I myself only stayed one night, since due to the pandemic I couldn’t receive anyone in the room, not even my husband. I found this isolation from my family hard.

Pregnant woman painting by Diego Palacios
“Femme enceinte à Barbanégre.” Painting by Diego Palacios

Without this restriction, I would have liked to stay at least three nights there, as I did in France. To have bad food, to think of nothing other than my infant. In these 24 hours, no one came to offer me assistance to give my child the first bath, and there was no breastfeeding advice. It might have been so because the staff thought I could manage since it was already my third child. Nonetheless, my return home 24 hours after the birth wasn’t easy.

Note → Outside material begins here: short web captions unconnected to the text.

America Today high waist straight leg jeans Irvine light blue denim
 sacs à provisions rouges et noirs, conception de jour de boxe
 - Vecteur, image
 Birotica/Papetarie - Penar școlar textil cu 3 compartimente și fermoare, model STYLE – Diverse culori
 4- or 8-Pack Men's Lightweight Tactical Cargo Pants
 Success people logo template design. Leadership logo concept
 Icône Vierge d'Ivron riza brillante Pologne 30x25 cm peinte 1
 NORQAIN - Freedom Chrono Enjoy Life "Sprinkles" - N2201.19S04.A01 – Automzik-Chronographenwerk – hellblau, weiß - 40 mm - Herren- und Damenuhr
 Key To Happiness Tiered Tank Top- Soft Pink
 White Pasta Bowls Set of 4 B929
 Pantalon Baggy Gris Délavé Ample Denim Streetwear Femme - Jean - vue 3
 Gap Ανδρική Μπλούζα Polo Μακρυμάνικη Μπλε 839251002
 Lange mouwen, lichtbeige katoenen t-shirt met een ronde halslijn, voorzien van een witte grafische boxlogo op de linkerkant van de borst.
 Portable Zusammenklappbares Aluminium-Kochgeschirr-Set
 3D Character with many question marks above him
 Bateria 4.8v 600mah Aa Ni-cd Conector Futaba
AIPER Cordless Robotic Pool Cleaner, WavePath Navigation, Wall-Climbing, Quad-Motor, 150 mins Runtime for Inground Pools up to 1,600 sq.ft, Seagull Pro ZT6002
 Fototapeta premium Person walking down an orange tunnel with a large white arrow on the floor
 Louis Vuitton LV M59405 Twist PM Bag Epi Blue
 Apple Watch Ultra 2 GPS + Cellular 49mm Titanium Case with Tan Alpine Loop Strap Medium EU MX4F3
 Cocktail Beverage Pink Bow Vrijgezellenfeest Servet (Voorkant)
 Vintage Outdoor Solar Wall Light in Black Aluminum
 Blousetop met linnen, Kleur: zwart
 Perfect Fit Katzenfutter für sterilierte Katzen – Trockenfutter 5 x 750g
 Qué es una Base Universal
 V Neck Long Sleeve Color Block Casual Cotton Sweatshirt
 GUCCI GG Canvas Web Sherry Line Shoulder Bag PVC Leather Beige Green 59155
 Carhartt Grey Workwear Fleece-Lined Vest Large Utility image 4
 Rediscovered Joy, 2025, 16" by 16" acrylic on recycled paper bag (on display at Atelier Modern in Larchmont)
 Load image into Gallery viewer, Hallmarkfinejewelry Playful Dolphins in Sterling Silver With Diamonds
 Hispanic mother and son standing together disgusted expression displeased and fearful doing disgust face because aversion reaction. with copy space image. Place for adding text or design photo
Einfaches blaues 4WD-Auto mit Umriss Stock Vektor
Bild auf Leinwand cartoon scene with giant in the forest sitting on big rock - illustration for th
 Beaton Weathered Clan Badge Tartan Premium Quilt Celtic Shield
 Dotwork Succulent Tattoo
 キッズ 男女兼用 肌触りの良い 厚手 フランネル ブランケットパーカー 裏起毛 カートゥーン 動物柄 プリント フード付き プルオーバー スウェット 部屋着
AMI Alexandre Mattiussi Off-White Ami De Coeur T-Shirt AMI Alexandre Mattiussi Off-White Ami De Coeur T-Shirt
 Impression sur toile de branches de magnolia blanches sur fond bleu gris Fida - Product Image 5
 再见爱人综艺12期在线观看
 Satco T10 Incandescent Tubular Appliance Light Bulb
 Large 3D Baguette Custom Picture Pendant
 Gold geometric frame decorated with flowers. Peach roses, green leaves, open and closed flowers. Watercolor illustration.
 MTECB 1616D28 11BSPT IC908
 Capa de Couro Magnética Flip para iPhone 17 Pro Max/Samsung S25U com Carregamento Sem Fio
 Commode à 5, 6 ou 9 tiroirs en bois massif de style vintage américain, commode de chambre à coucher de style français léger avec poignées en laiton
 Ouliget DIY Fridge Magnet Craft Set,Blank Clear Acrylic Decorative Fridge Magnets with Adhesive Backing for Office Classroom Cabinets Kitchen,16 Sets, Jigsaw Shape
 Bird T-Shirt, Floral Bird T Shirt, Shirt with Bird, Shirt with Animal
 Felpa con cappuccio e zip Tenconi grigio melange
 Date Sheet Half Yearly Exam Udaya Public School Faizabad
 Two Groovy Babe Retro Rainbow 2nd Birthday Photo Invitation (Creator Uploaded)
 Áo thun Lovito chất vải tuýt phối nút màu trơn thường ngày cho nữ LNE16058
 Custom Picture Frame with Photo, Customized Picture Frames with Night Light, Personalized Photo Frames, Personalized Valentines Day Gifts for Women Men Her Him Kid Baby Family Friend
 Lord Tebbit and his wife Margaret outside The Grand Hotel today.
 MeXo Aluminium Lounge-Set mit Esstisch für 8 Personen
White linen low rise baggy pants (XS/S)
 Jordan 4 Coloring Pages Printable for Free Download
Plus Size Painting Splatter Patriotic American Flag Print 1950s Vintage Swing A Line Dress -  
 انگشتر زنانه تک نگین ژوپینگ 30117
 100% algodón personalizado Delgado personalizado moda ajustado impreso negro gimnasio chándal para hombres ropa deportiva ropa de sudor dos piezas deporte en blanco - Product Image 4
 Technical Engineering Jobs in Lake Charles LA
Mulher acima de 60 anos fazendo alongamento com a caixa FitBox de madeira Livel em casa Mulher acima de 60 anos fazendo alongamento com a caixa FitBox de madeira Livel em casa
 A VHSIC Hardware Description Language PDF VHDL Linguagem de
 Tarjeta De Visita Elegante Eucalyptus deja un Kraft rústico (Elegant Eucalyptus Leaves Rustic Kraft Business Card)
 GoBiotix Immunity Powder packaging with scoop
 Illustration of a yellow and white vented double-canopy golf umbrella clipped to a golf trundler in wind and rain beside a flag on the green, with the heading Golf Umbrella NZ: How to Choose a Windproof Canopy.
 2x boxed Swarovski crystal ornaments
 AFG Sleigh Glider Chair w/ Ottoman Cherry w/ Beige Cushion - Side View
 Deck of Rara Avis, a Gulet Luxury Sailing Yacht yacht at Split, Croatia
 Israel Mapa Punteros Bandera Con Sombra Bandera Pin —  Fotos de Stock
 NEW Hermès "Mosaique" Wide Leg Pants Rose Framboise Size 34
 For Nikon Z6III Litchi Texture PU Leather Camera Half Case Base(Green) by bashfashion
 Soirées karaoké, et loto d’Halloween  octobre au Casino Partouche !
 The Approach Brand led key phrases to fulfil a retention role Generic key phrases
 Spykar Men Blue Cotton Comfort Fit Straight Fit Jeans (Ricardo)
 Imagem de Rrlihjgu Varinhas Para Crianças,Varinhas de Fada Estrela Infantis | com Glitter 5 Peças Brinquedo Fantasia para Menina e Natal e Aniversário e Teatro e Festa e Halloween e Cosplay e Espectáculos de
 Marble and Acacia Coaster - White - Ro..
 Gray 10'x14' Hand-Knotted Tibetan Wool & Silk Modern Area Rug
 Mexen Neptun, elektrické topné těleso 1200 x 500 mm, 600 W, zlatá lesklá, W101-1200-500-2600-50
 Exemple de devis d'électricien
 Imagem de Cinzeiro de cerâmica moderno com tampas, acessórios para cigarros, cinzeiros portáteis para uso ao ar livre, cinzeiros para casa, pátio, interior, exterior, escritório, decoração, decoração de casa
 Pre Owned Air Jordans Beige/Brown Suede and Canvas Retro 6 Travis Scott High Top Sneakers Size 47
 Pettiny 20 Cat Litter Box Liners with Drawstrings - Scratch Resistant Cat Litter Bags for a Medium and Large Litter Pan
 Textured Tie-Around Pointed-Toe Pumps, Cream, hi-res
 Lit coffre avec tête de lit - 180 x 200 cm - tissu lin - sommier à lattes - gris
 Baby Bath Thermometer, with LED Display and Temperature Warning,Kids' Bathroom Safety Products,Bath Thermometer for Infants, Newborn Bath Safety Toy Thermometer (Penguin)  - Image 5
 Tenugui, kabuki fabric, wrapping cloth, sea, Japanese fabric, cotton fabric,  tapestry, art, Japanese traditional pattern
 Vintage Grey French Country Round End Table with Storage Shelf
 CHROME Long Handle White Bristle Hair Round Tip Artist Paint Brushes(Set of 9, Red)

The fatigue, questionings. Fortunately, as planned in Germany, the midwife who had followed my pregnancy then came to see me every day to check my state of health and that of my baby. Although I had not had a simple relationship with her, I recognize that having a midwife come see me for 15 days after the birth is a very welcome help.

I think what cost me the most was to realize that the pregnant woman as such is not specially protected here, that apart from those medical appointments, society, in general, does not take particular care of her.

A simple example is that there is no priority queue at supermarkets. When I pointed this out to my midwife, she told me that being pregnant is not an illness. So, no, of course, it’s not a disease, but everybody knows that being pregnant we are more fragile, like an elderly person who is given a seat on the tram because she is weaker and more tired than we are.

I have the impression that, here, the pregnant woman is asked to experience this whole stage like a force of nature, without ever pleading or breaking down.

But for me, it would be misplaced feminism to be proud that we are not taken further care of under the pretext that pregnancy is not an illness. I remain immune to the injunction to be, once again, a wonder-woman and to have to go through all this childbirth experience without ever losing heart.

Nonetheless, I adhere to the support of women favoring natural births.